Diabetes May Be Improved by Improving Your Periodontal Health

The statistics on diabetes are staggering. There are nearly two million new diagnoses of diabetes each year. Add that to those who are prediabetic and one of three of us have this problem. And there is more data that may interest you. The health of your gums can influence you diabetes status.

We’ve known for years that if you’re diabetic, you have a greater likelihood of periodontitis, the disease that causes bone loss around your teeth that, if uncontrolled, can result in tooth loss. The more severe the diabetes is, the greater the severity of the periodontitis. In two studies conducted on a diabetic population, periodontal bone loss was from 3 to 11 times greater in that group than in the non-diabetic group.

We have two primary cells involved in bone maintenance: the osteoblast, the cell that forms new bone, and the osteoclast, the cell that removes the old bone. One possible reason for periodontal bone loss in the diabetic is that high blood glucose itself inhibits the production of osteoblasts. High blood glucose levels also hinder the ability of the gums and bone to heal. It doesn’t stop there as there is a significant association between periodontitis and your general health. In those diabetics with severe periodontitis, the mortality rate from heart disease was almost 3 times greater, and from kidney disease over 8 times greater, than in the normal population.

However, the reverse may be true as well. Good periodontal control may positively influence your general diabetic condition. Several studies of both Type 1 and Type 2 diabetics have shown a 10% reduction in HbA1c levels (a test that’s commonly done to measure the average amount of glucose in the bloodstream over the previous 8-12 week period) by undergoing non-surgical periodontal therapy alone.

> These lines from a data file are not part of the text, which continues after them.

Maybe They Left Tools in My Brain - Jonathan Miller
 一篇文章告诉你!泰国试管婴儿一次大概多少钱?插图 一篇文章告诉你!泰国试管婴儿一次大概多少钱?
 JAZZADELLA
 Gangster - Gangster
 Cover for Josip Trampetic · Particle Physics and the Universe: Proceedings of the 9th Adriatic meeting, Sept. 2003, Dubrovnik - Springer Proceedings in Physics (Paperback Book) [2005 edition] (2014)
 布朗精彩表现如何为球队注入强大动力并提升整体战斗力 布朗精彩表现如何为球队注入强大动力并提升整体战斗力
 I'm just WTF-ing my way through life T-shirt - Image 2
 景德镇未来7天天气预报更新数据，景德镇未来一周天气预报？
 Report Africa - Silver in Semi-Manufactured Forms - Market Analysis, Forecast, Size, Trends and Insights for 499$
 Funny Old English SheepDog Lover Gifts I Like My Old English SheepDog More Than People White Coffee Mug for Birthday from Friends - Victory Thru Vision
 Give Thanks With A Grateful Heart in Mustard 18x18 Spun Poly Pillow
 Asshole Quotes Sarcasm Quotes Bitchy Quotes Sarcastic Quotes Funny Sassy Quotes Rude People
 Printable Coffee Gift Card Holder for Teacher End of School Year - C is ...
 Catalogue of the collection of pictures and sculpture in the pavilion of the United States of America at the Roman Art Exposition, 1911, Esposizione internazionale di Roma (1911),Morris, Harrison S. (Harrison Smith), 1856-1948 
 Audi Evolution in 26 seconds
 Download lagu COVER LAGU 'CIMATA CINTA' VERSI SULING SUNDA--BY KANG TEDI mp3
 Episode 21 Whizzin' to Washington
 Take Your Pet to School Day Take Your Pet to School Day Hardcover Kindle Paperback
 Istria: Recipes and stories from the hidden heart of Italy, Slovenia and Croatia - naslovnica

So let’s look at what that means to you. First, everyone, but particularly the diabetic, needs a thorough assessment of his or her periodontal condition. This includes periodontal probing, x-rays, and an assessment of mobility, bleeding, pus, and other items associated with a full periodontal examination. If periodontitis is diagnosed, the next step is to treat. In most cases, you will have a thorough non-surgical scaling of the teeth below the gum line. This may involve several visits, depending on the severity of the case. This should then be followed with careful monitoring and cleaning, usually every three months. If some areas do not respond to non-surgical therapy because the disease is too far below the gum line, there are a number of surgical approaches that can be used to gain access to the disease and even help replace some or all of the lost bone support.

Periodontal disease is something that must be looked at and treated, not just to save your teeth, but maybe to save your life.